[Collection entries]
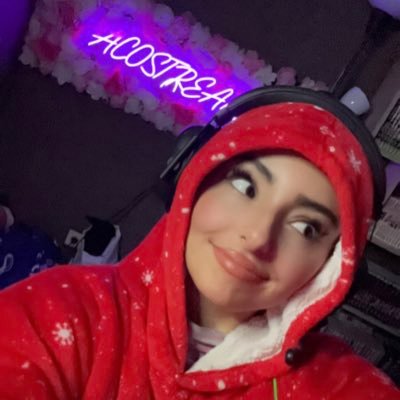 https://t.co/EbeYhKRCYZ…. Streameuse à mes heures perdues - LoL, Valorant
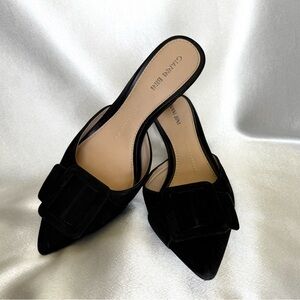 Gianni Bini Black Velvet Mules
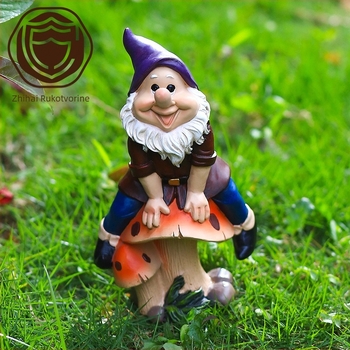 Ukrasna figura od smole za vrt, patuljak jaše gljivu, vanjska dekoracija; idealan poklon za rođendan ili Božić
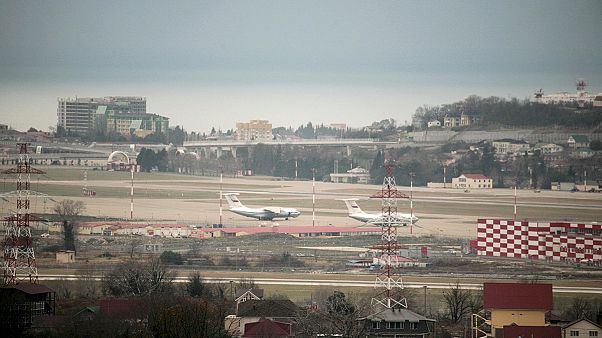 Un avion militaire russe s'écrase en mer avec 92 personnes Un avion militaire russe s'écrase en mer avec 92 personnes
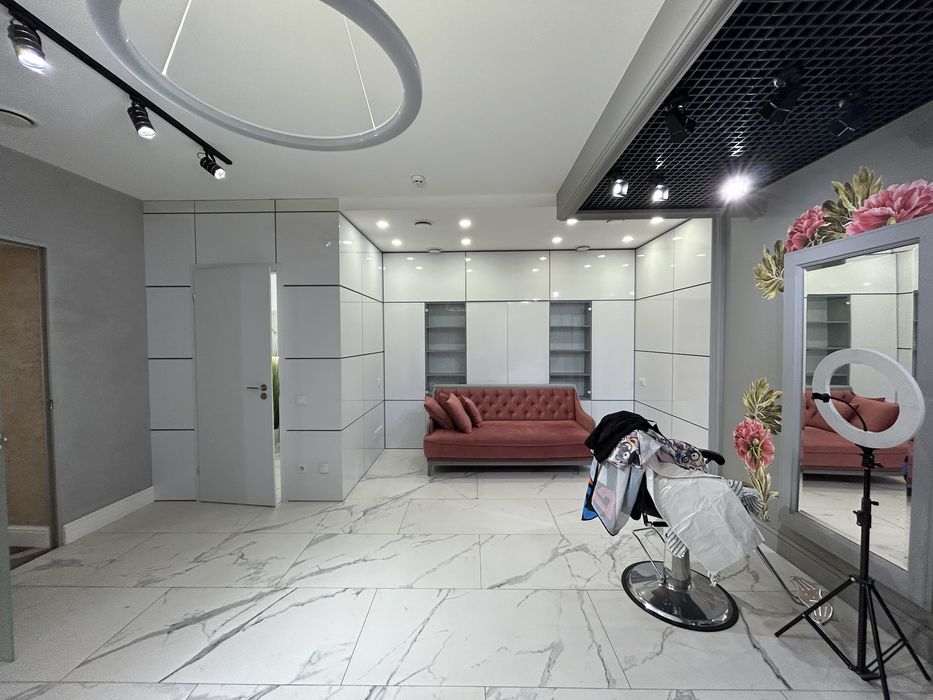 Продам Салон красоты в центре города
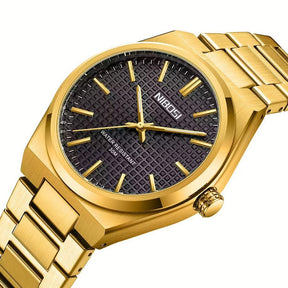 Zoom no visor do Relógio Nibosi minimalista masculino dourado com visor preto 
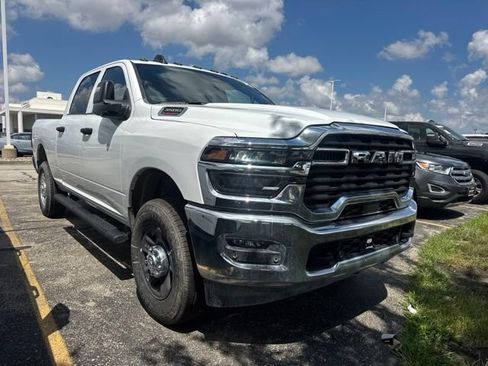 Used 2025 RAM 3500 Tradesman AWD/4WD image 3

- TRY IT
Repeat each record as given. No picture belongs in the copy.

- EXERCISE SOLUTION
 https://t.co/EbeYhKRCYZ…. Streameuse à mes heures perdues - LoL, Valorant
 Gianni Bini Black Velvet Mules
 Ukrasna figura od smole za vrt, patuljak jaše gljivu, vanjska dekoracija; idealan poklon za rođendan ili Božić
 Un avion militaire russe s'écrase en mer avec 92 personnes Un avion militaire russe s'écrase en mer avec 92 personnes
 Продам Салон красоты в центре города
 Zoom no visor do Relógio Nibosi minimalista masculino dourado com visor preto 
 Used 2025 RAM 3500 Tradesman AWD/4WD image 3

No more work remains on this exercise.